Recently, I drove from my father’s birthplace in Biddeford, Maine, to my mother’s birthplace in Petersburg, Virginia. Two different towns. Two different states. Two different regions. And yet, oddly, just different ends of the same sad street.
Most Americans now live at the same address: “We live where there used to be a factory. And when it shut down, what shot up was joblessness, hopelessness, meth, opioids, homicide and suicide.”
That is not just the story of one town. It is the story of a wounded nation.
Factories were never just factories. They gave whole towns their rhythm. They filled lunch pails and church pews. They paid the mortgage. They kept the corner store open. They let a mother or father look a child in the eye and say, “You can make it here.”
Then the factory closed. The people did not disappear.

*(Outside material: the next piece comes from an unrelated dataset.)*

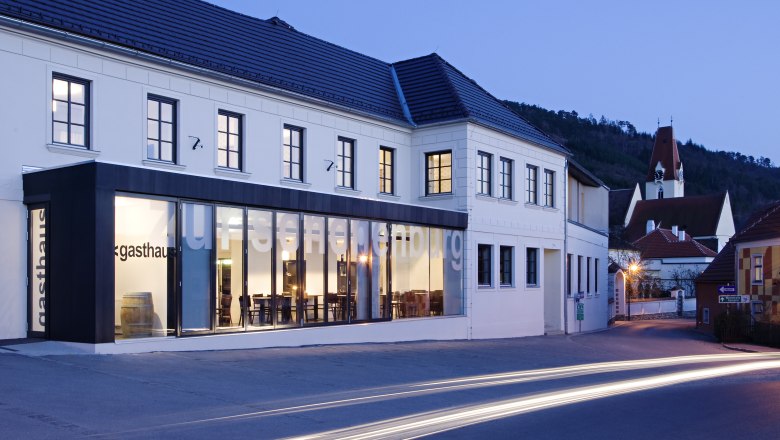Exterior view of the Gasthof Hotel Zur Schonenburg at dusk with illuminated windows and passing cars.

They stayed. They stayed by the same schools, the same porches, the same churches, the same graves of the people who raised them. They stayed and watched storefronts empty, tax bases shrink and hope grow thin. Families are burying their too-young dead again and again. Meanwhile, the pundits who get rich dividing the nation keep working overtime.

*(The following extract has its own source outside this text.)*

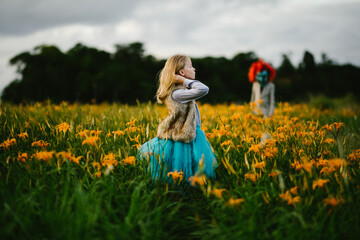 Female strong child is courageous with monster orange flower field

The suffering caused by deindustrialization does not stop at racial lines, state lines or the old border between North and South. It reaches across most of the lines that people on television and social media work so hard to inflame. This one stokes racial resentment. That one blames immigrants. Another turns rural against urban, white against Black, native-born against newcomer. And most Americans suffer for it.

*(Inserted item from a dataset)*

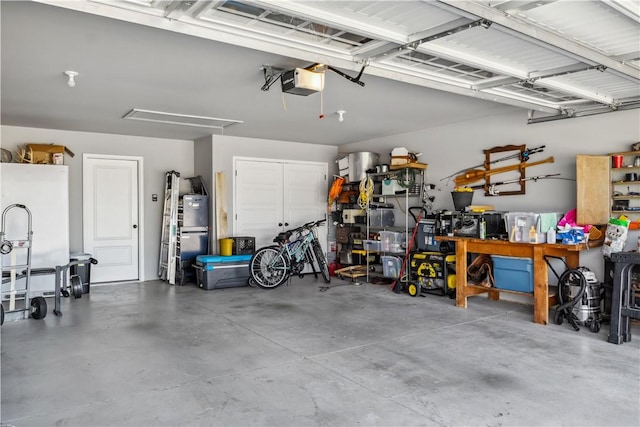 2300 Cameo Ln, Bentonville, AR 72712 - garage featuring freestanding refrigerator, a garage door opener, and a workshop area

Divide and conquer has always been the surest way to blunt the ability of working families to rise together. It keeps our votes divided and canceling one another out.
Since NAFTA took effect in 1994, the United States has lost well over 65,000 manufacturing plants and factories. NAFTA was not the only reason. Automation mattered. China mattered. Corporate consolidation mattered. But NAFTA still stands as a warning bell in our history. It reminds us what happens when we confuse what is good for corporate profits with what is good for the country.
Communities lose. The nation suffers.
Most Americans now live at the same address. They live in the places the economy left behind. They live where the factory closed, the jobs vanished and the pain stayed.
But there is a road to a better day.
We became a great nation because we planned. We looked ahead. We decided what we needed to build, what we needed to make, what kind of work would support families and what kind of country we wanted to become. Then we trained our people, built our strength and did the work.
We need that spirit again.
We need an industrial plan county by county, state by state and for the nation as a whole. We need to know what jobs will be needed 10 and 20 years from now, where they should be and how we will prepare our people to do them. Our schools are still too often preparing young people for an economy that is already gone. They need to do a better job preparing them for the jobs of the future. And as artificial intelligence starts doing more of the work people once thought would always need a person, we need to be ready to rethink the future for every worker and every community.
A nation is not a stock chart. A nation is not a quarterly report.
A nation is built on belief — belief in each other and belief in our future. And in America, we believe that if life has knocked you down, you deserve a chance to rise again.
Most Americans now live at the same address: “We live where there used to be a factory. And when it shut down, what shot up was joblessness, hopelessness, meth, opioids, homicide and suicide.”
The question is whether we will keep accepting that as normal. Or whether we will choose to love this country, our children and each other enough to make sure we all rise again.
Ben Jealous is a professor of practice at the University of Pennsylvania, a nationally syndicated columnist, and the former president of the NAACP.